Create validation set from json


(nkiruka chuka-obah) #1

hi All,

I am trying to create a validation set for my dataset. I have a test folder with a list of images and the testing annotations in a test.json file. I have a training folder in the standard train/category[i]/sample.jpg folder arrangement with the accompanying train.json file. While I know I can use ImageClassifierData.from_paths to train the model, I would like to create a smaller dataset that I can iterate quickly on before going to my much larger training set.
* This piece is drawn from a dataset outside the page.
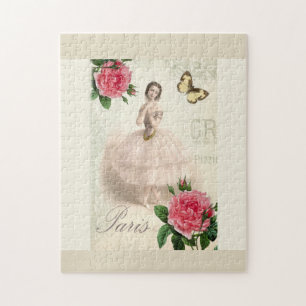 parisian ballerina, french inspired ballerina jigsaw puzzle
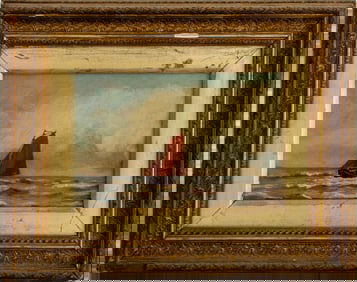 British School Nautical Scene Oil on Canvas, 19 C.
So how do I setup a smaller sample that I can work with? I tried following the notebook https://github.com/fastai/imagenet-fast/blob/master/fp16/imagenet-fp16.ipynb

To get a single csv file (since it might be easier to create validation indices that way), I did the following:

  1. Copy/move all the images from all the subdirectories into a single folder: train1:

train_path = Path(’/data/train’)
train_json = json.load(train_path/‘train.json’).open())
categories = list( Path(train_path).iterdir() )
cats_to_files = {cat: list(cat.iterdir()) for cat in categories}

files = []
for k,v in cats_to_files.items():
     for file in v
         files.append(file)

import shutil
for file in files: 
   shutil.copy(str(file), '/data/train1')
  1. Create csv

import pandas as pd
df = pd.DataFrame(files, columns = [‘image’’])
df_temp = pd.DataFrame(files, columns = [‘image’])

df[‘image’] = df_temp[‘image’].apply(lambda x: str(x)[str(x).rfind(’/’)+1:])
df[‘category’] = df_temp[‘image’].apply(lambda x: strx(x)[str(x).rfind(’_’)+1 : str(x).rfind(’/’)])

TRAIN_CSV = ‘train.csv’
df.to_csv(train_path/TRAIN_CSV, index=False)

This creates the csv file of all the training images, and their corresponding labels, as well as puts all the training images into a single folder, train.

Is there an easier way to handle jsons? to cut them down into a smaller sample folder that I can iterate over without using the full dataset?